Dataset extract.
_ _ _

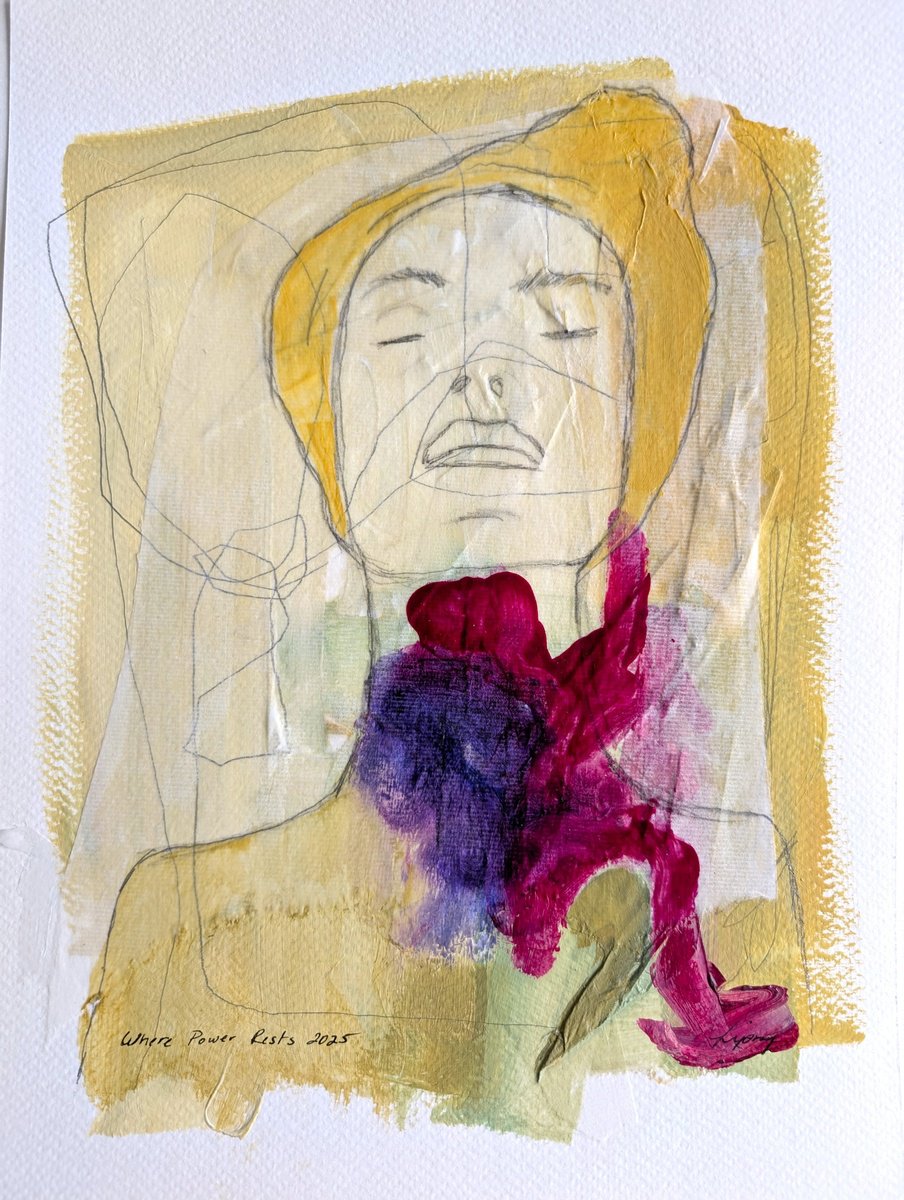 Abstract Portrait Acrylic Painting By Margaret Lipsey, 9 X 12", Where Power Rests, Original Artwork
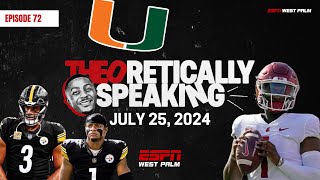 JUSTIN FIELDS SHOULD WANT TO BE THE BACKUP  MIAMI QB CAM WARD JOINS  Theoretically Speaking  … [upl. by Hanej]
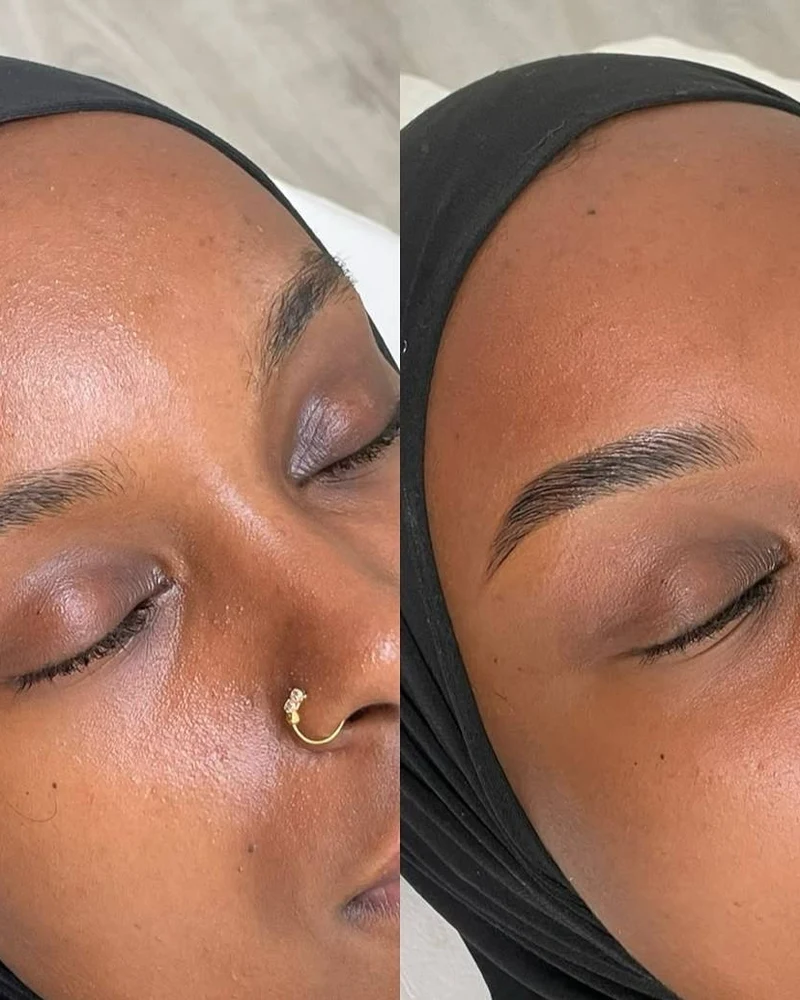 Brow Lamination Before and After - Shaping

_ _ _

Brief.
What you produce must match the listing word for word, with no images in it.

Solution to this exercise.
 Abstract Portrait Acrylic Painting By Margaret Lipsey, 9 X 12", Where Power Rests, Original Artwork
 JUSTIN FIELDS SHOULD WANT TO BE THE BACKUP  MIAMI QB CAM WARD JOINS  Theoretically Speaking  … [upl. by Hanej]
 Brow Lamination Before and After - Shaping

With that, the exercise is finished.